Chuck real nice work. I too would love to venture in this too but just too much on my plate. Have many DVDs from Malcolm Tibbetts and his work is amazing. Thanks for showing.


----------



## mark james (Nov 13, 2020)

I love seeing this Chuck.  Your journey down this road will be fun.

Your initial efforts are excellent.  No, offense, but the failures you mentioned have been well served - these that you show are very good and obviously benefitted from the previous trials.

Very nice.


----------



## Jim15 (Nov 13, 2020)

Those look great.


----------



## Gary Beasley (Nov 13, 2020)

Are you using a segmenting sled to cut the segs? You have it accurate enough for a good glueup or do you use the half ring method?


----------



## bmachin (Nov 13, 2020)

It ends up costing a few bucks, but I found that spending the money for the wedges and building a wedgie sled made life a whole lot easier and the joints a whole lot tighter. 

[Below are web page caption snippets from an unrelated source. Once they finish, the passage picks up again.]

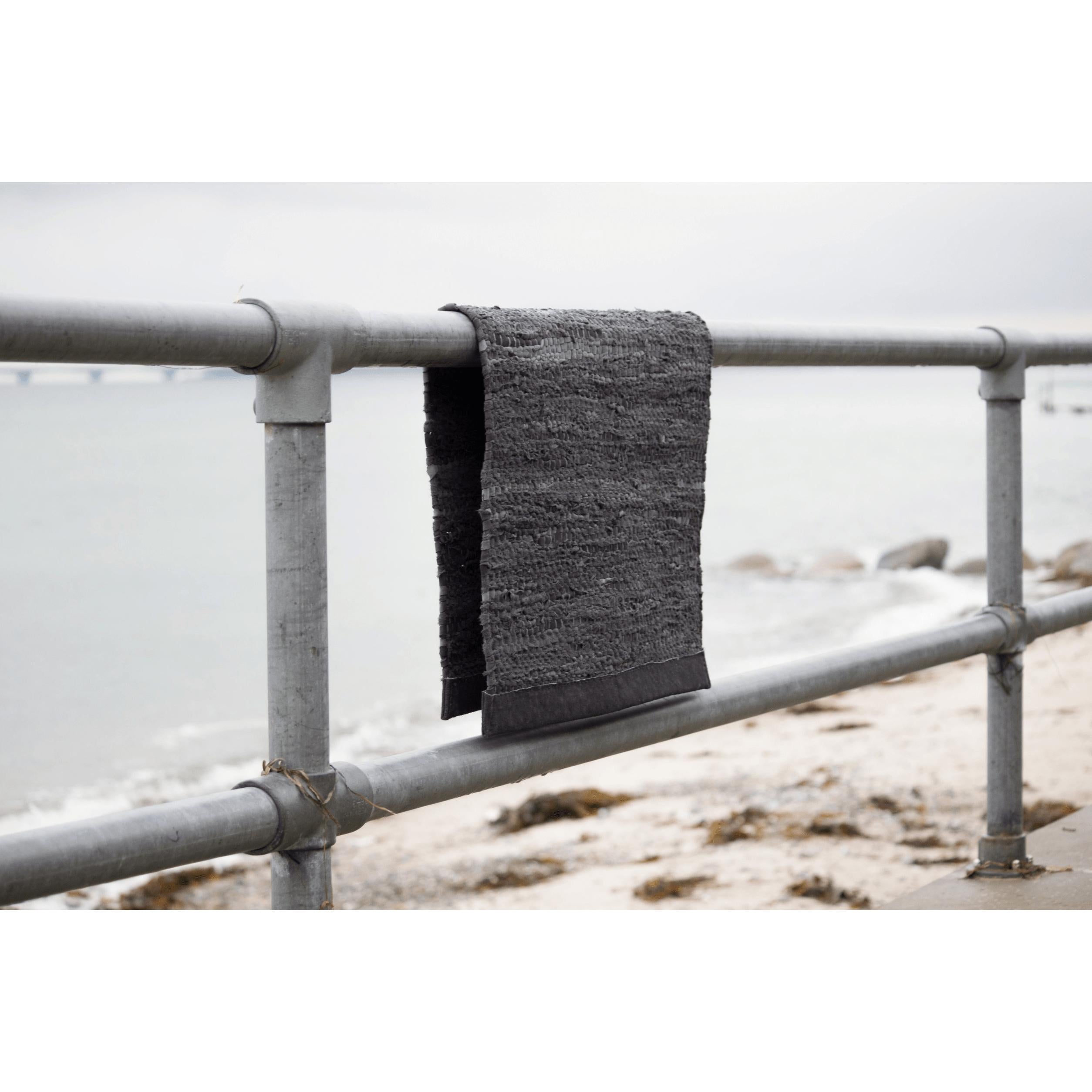 Rug Solid Leather Rug Dark Grey, 200 X 300 Cm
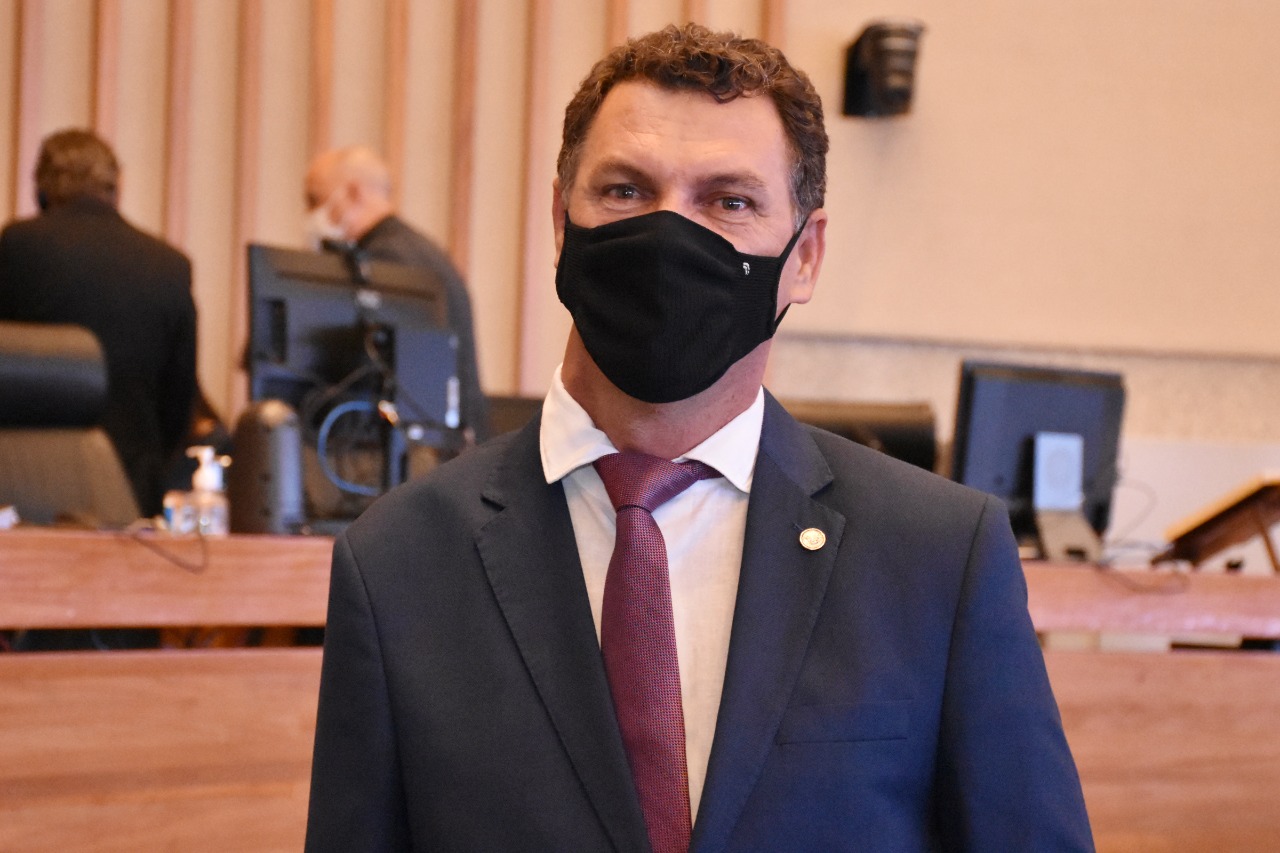 Deputado Iolando propõe projeto de lei que insere acessibilidade na Central 156 para pessoas com deficiências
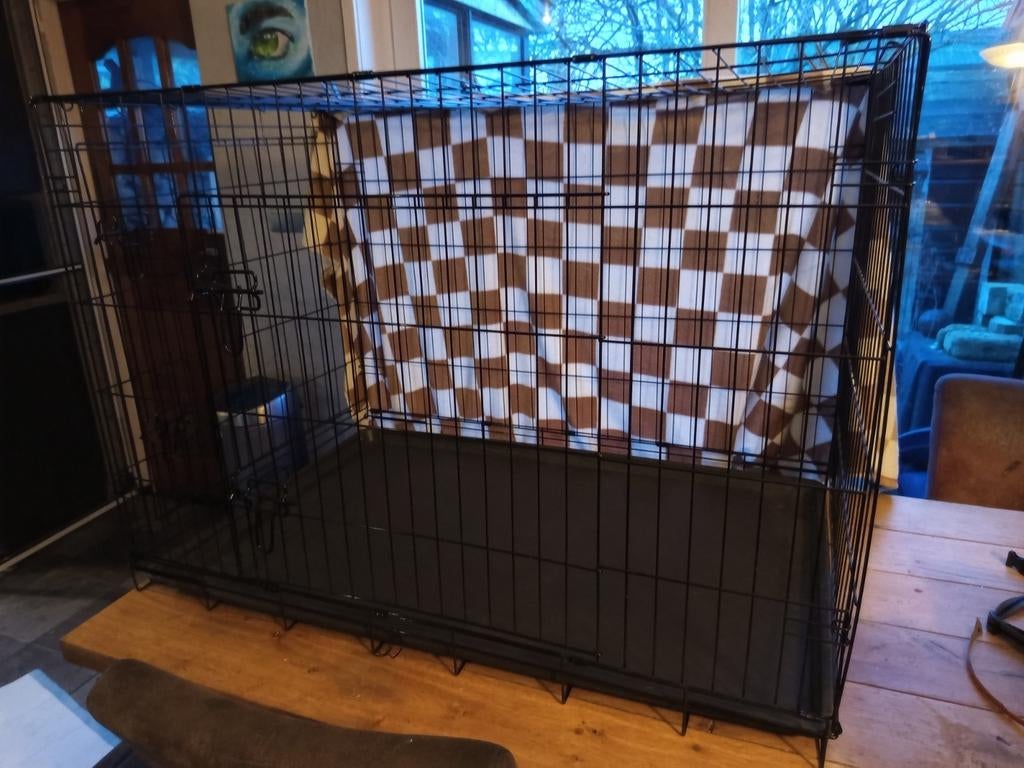 Honden benge, Dieren en Toebehoren, Hondenhokken, Zo goed als nieuw, 110 cm of meer, Ophalen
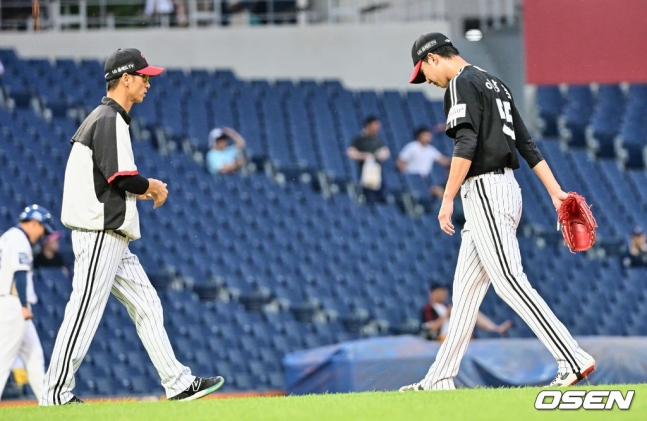 LG 선발 이상영이 20일 창원 NC전에서 2회 말 마운드를 내려가고 있다.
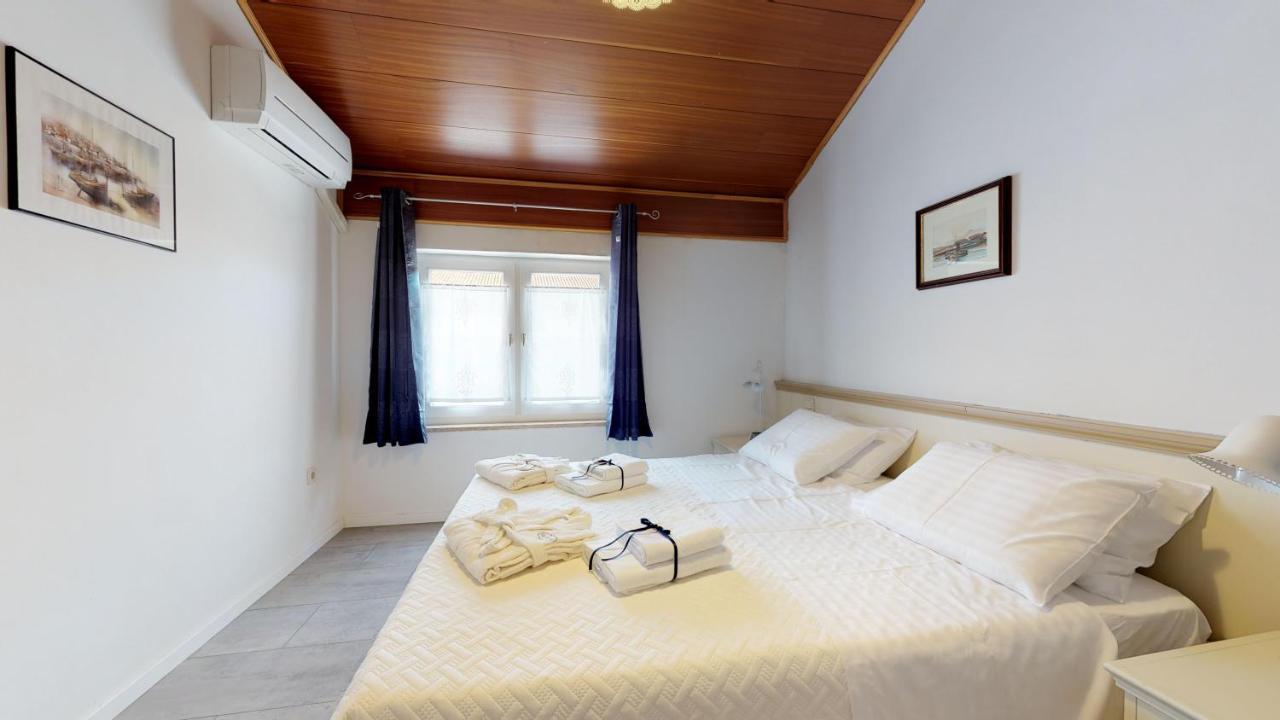 Lora Deluxe Superior 5 Star Apartment, Your Piece Of Heaven By The Sea & Park With Sea & Park View Novigrad Istria Exteriör bild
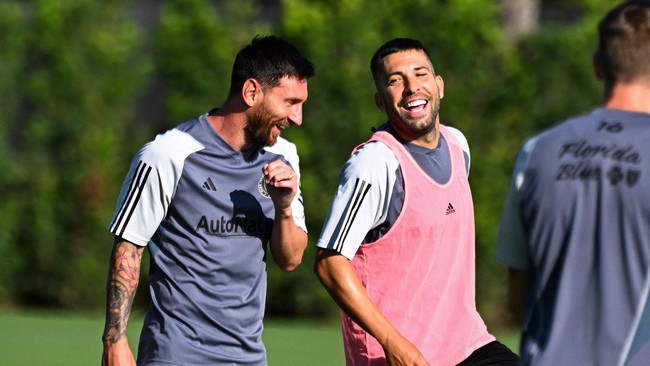 Cười 'lộn ruột' với khoảnh khắc vợ Messi suýt hôn trai lạ vì tưởng nhầm là chồng - Ảnh 4.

I have one of the Tibbets books but don't think that I'll ever get to that level.

Nice work!!

Bill


----------



## leehljp (Nov 13, 2020)

I haven't got the nerve up to try segmented bowls. I can't square up a picture frame with perfection. What is the secret?

Wish I had an automated miter saw that I could dial in degrees, minutes and seconds!


----------



## bmachin (Nov 13, 2020)

leehljp said:


> I haven't got the nerve up to try segmented bowls. I can't square up a picture frame with perfection. What is the secret?
> 
> Wish I had an automated miter saw that I could dial in degrees, minutes and seconds!


Lee,

Per my last post, take a look here:




__





						Wedgies
					





					www.segeasy.com
				



and watch the video.

Bill


----------



## leehljp (Nov 13, 2020)

bmachin said:


> Lee,
> 
> Per my last post, take a look here:
> 
> ...


Thanks Bill, I saved that link and will be using it soon!


----------



## Mortalis (Nov 14, 2020)

It's a good start Chuck. The segments need to be spot on and exactly the same and a segmenting fixture helps a bunch with that.
I really like the first one. The others are cool and worthy of a shout out. I personally like segmented bowls that have a defined design. 
Segmenting in its own right is an art.
Keep up the good work. Practice makes perfect, or so they say.
As Laura Kampf says, Even the defects get respect.


----------



## Ted iin Michigan (Nov 14, 2020)

Nice work! The first one you did with the blue parts is really super. The others are. too, but the first one stands out IMHO. Segmented bowls was one of my "quarantine objectives" this year and, frankly, I hope you don't get as hooked as I am  

Try the link to the Segmentology site (in Bill's post above) for pretty much everything you'll need to do rings that glue up tight. 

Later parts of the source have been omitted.